Additionally, we can upscale existing models to create larger, more powerful models. 
This can be achieved by mixing the weights of existing models or by adding new layers to them. 
One of the more popular methods for scaling up models recently is the use of Mixture of Experts (MoE) methods. 
These methods allow for the scaling of models to very large sizes while maintaining a manageable inference cost.

<figure markdown="span">
![alt text](images/model_upscaling.png){ width="950px"}
</figure>

### Formal Definition and Taxonomies of Deep Model Fusion

In this section, we provide a formal definition of deep model fusion and introduce several taxonomies to categorize different fusion methods.
We define deep model fusion as the process of combining multiple deep neural networks to create a unified model that leverages the knowledge and capabilities of the individual models.
We taxonomize these fusion methods based on their underlying principles and mechanisms, providing a structured framework for understanding and comparing different fusion techniques.
We categorize deep model fusion methods into three main types: **Model Ensemble**, **Model Merging**, and **Model Mixing**.
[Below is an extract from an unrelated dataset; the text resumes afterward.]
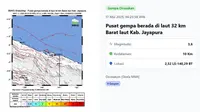 Gempa Hari Ini Sabtu 17 Mei 2025: Getarkan Dua Wilayah Indonesia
The initial diagram presented below provides a visual representation of the Model Ensemble technique. 
This method involves the training of several independent models, each generating its own set of predictions. 
These individual predictions are then aggregated to produce a final, more accurate prediction.
The Model Ensemble technique is frequently employed to enhance both the performance and reliability of models. 
It achieves this by leveraging the collective intelligence of multiple models, thereby reducing the likelihood of errors that could arise from a single model's predictions.
However, it's important to note that this technique does come with its own set of challenges. 
The necessity to train and maintain multiple models can lead to increased computational costs. 
This is due to the additional resources required for the training process, as well as the storage needed for each model. 
Therefore, while the Model Ensemble technique can lead to improved accuracy, it's essential to consider the potential trade-off in terms of computational expense.

<figure markdown="span">
![alt text](images/model_ensemble.png){ width="930px" }
</figure>

Moving on, the second diagram represents Model Merging. This technique involves combining multiple models into a single model of the same architecture.
By merging these models, we can create a more robust and comprehensive model that leverages the strengths of its constituent models. 
This can lead to improved performance and generalization, especially in scenarios where the individual models excel in different areas.

<figure markdown="span">
![alt text](images/model_merging.png){ width="850px" }
</figure>

Lastly, the third diagram depicts Model Mixing, a technique where the weights of multiple models are combined to form a new model. 
The new model typically has a different architecture from the original models, such as a larger size or more complex structure.

<figure markdown="span">
![alt text](images/model_mixing.png){ width="900px" }
</figure>